··· DATASET ENTRIES
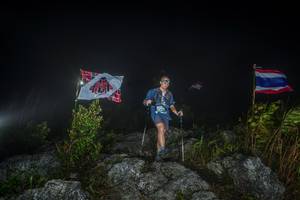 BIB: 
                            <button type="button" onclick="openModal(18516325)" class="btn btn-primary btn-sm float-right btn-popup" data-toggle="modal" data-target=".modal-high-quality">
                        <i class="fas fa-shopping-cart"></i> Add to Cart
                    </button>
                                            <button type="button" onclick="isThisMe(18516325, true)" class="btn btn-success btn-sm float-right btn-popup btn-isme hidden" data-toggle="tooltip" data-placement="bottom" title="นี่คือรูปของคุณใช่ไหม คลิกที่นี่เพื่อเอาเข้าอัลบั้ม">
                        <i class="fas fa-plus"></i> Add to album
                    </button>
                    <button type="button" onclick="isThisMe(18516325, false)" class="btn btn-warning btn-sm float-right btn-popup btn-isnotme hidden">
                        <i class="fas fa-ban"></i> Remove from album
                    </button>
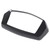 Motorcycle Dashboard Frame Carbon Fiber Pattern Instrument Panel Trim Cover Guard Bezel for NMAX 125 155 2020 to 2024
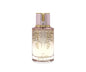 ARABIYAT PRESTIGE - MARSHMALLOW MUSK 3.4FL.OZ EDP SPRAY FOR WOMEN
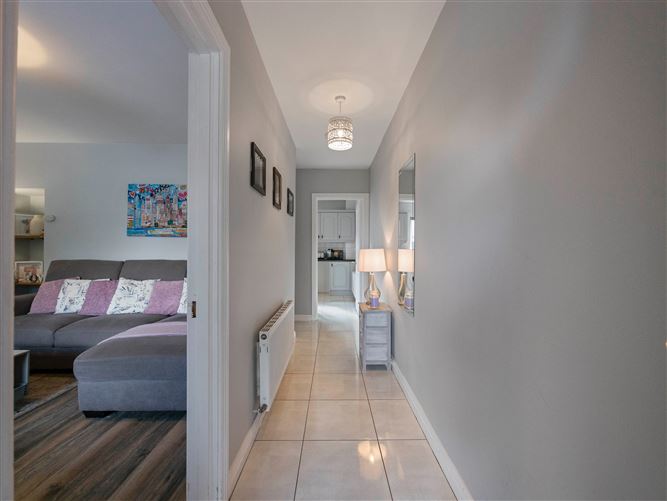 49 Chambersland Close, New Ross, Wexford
······
··· DATASET ENTRIES
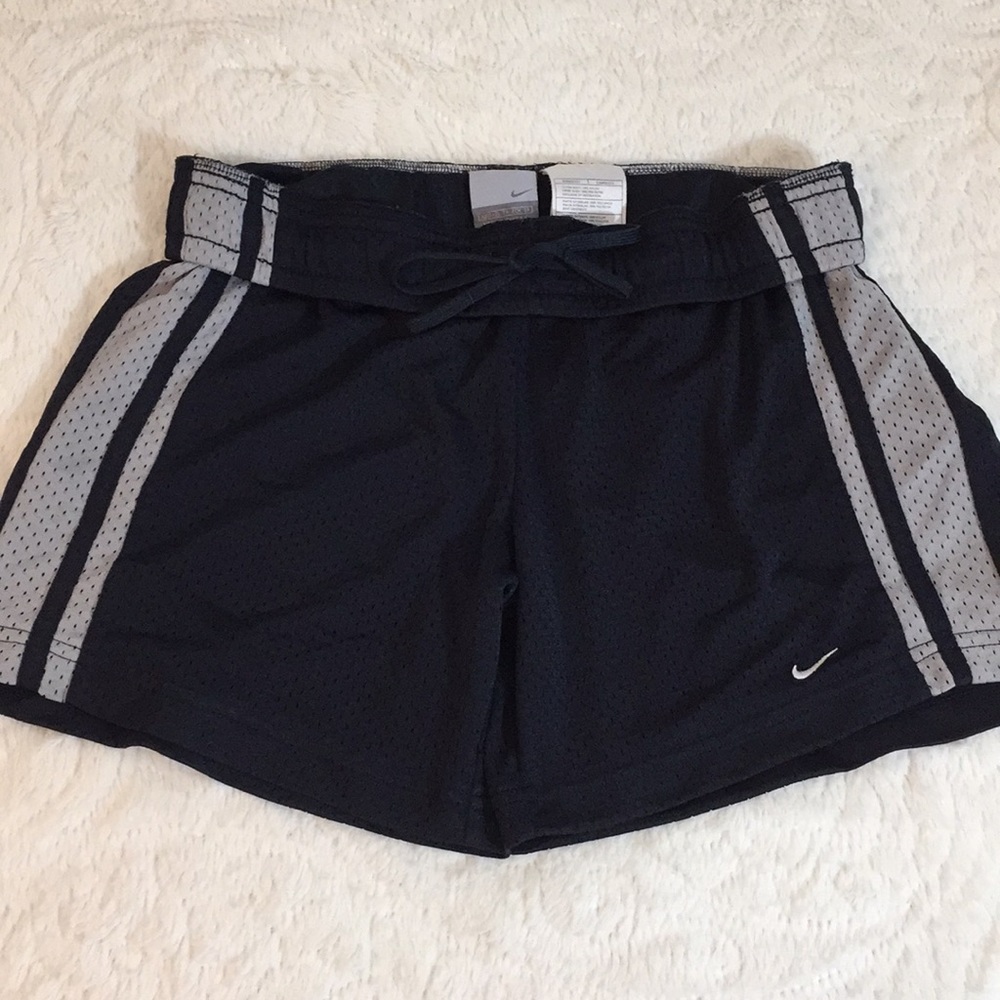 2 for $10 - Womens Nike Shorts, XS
······
··· DATASET ENTRIES
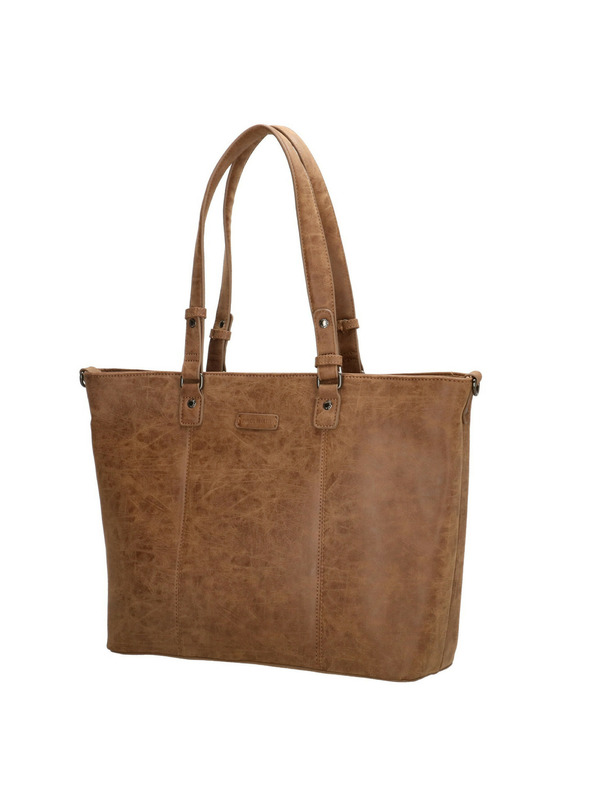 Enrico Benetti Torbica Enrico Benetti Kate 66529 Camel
······
**WORK REQUIRED:**
Each line in the data that holds the string "type" must be returned.

**WRITTEN REPLY:**
                            <button type="button" onclick="openModal(18516325)" class="btn btn-primary btn-sm float-right btn-popup" data-toggle="modal" data-target=".modal-high-quality">
                                            <button type="button" onclick="isThisMe(18516325, true)" class="btn btn-success btn-sm float-right btn-popup btn-isme hidden" data-toggle="tooltip" data-placement="bottom" title="นี่คือรูปของคุณใช่ไหม คลิกที่นี่เพื่อเอาเข้าอัลบั้ม">
                    <button type="button" onclick="isThisMe(18516325, false)" class="btn btn-warning btn-sm float-right btn-popup btn-isnotme hidden">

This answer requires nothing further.